Over the years, the whole house was converted to sufficiently nice living quarters, with indoor plumbing and a bath (situated where the pigsty used to be!). The new kitchen and dining room took most of the former barn (here my father also experimented with a kind of flat vault, partly out of lack of money - the new ceilings in the barn area consisted of a flat layer of old bricks spanning the space of a little bit more than one metre between parallel horizontal steel girders, cast in cement grout and then covered/reinforced by a layer of concrete; and they lasted without any problems till the end of the house's life). A long glassed-in veranda was added in front of a half of the house. The whole house got a new plaster coat and paint, and so it looked quite nice for a long time – at least until the complete lack of moisture insulation in its original stone-and-brick walls showed up again in patches of falling off wet plaster, as can be seen in the next picture. Anyway, in 2005 the old house was not up to the current standards at all, and its days were numbered when my older nephew who inherited it, wanted to build something better in its place. It was decided to tear it down. Only its root cellar was left to be incorporated into the new house to be built.

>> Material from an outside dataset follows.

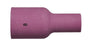 Radnor 64005648  Model 57N74L 1/2'' Large, Long #8 Alumina Gas Lens TIG Nozzle (10 PER CASE)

The dismantling of the old house started with taking down the roof tiles:
And I happened to be around to help to take apart its last remaining wall fragments and a staircase a few months later:
The construction of the replacement house started in 2006, and my older nephew moved into it with his young family in June 2009. As all these houses are being built by the do-it-yourself-whenever-you-know-how-to method after the regular job hours, and with minimal loans, neither this new house is completely finished yet (in 2013). E.g., one outer wall still waits for the external insulation layer. And only after that's finished will the house exterior be painted. Or an intricate waffle wooden ceiling is being planned for the dining room.
This house also has some interesting features, such as a 5 kW solar power plant on its roof (making a little bit of money by supplying electricity back to the grid), nice wood panelling of some inside walls, or beautifully painted children's room:
In closing, I am observing all this building activity with slightly mixed feelings. On one hand, they are definitely creating new beautiful things here. But isn't it somewhat excessive? Wouldn't one multifamily house sharing one heating system and one waste-water system be better (more economical, consuming less resources). The truth is that there is still more fruit being grown in the remaining spaces between all the structures that filled over the years our 2 acres of land, than their inhabitants can usually consume. But the view from that cherry tree is somewhat symptomatic of the world trend of building over often unnecessarily too much agricultural land.